BOSTON Reputed Boston mobster James “Whitey” Bulger’s companion, Catherine Greig, has hired a lawyer. High-profile defense attorney Kevin Reddington will defend the 60-year-old woman against the charge of harboring a fugitive.
Whether Greig stayed with Bulger all these years for love or out of fear, she can’t protect him now.
“I don’t think there’s anything she can do to help Mr. Bulger at all,” said David Rossman, a former defense attorney who now teaches law at Boston University.
“I think the government won’t have much problem tracing back and finding, over the course of 16 years, enough affirmative steps that she took to help him hide his identity.”
former defense attorney
Rossman said prosecutors have so much evidence against Bulger for so many crimes, they simply don’t need her help. But they may need her for something else. More on that in a minute, but first let’s look at her case. Greig’s facing a maximum sentence of five years in prison for allegedly harboring a fugitive.
“This’ll be a very tough case for the defense,” Rossman said. “I think the government won’t have much problem tracing back and finding, over the course of 16 years, enough affirmative steps that she took to help him hide his identity, that they’ll be able to prove that she harbored or concealed a fugitive from justice.”
So her best choice may be to deal with prosecutors and plead guilty. Representing Greig is Reddington, who has defended high-profile murder cases such as the Wakefield office shooting in 2000.
But in another case a few years ago, Reddington prevented a murder charge for a woman who killed her husband by convincing investigators she’d suffered from domestic abuse. Similarly, Reddington may well try to show self-preservation by using Greig’s neighbors in Santa Monica, such Barbara Gluck.
“I don’t have the ability to understand how she could be with such a man!” exclaimed Gluck.
Boston attorney J.W. Carney Jr. said Reddington is very good at dealing with prosecutors.
“Kevin will try to pull together all of the aspects of the client’s background and try to humanize her in the eyes of the prosecutor and the judge,” Carney said. “In this way she’ll be able to get the fairest sentence if she decides to plead guilty.”
If she decides to plead guilty, Catherine Greig may have more than sympathy on her side.
“The big goal for the government is to get names,” Rossman said.
According to Rossman, what federal prosecutors do need help with is finding out who helped Whitey.
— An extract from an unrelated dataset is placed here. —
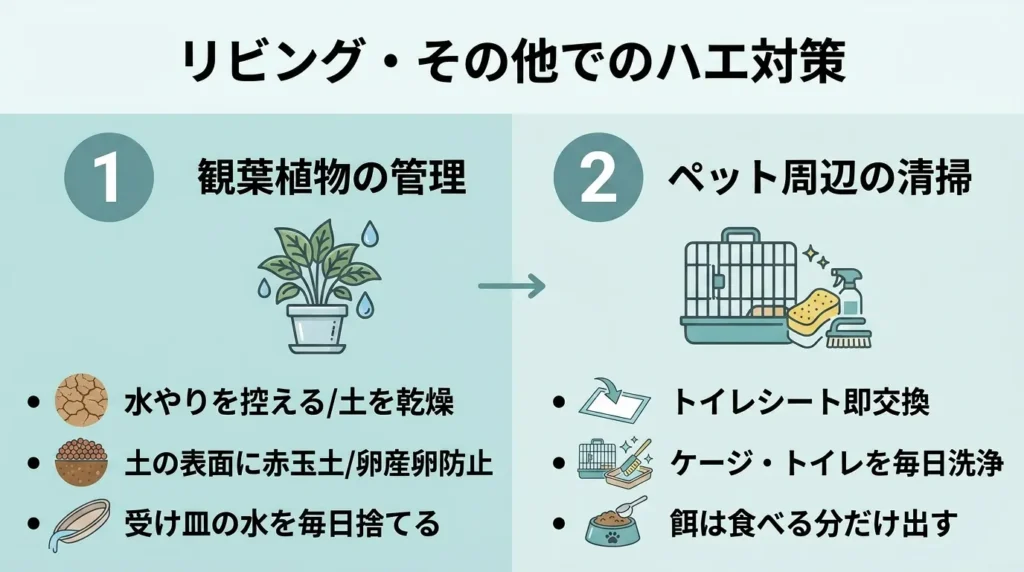 haru-ie-hae-kyuni-genin-taisaku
Were there other people who gave money or other assistance so he could keep his cover all these years? And the bigger the name, the more willing the prosecution would be to reduce Greig’s sentence in a plea deal. On the other hand, Rossman said, Greig may still not want to give those people up.
“If it’s the case that friends or family of hers helped the couple, then she’s in a real difficult position,” he said.
If Greig is reluctant, the government could turn up the pressure. Sentencing guidelines suggest she realistically faces less than the five-year maximum if convicted of harboring a fugitive. But prosecutors could still add more charges to stretch out her jail time, for example, firearms charges for the guns found in their apartment, or immigration violations for crossing the Mexican border under a false identity. Those are things prosecutors may hang over Greig’s head to get her to talk.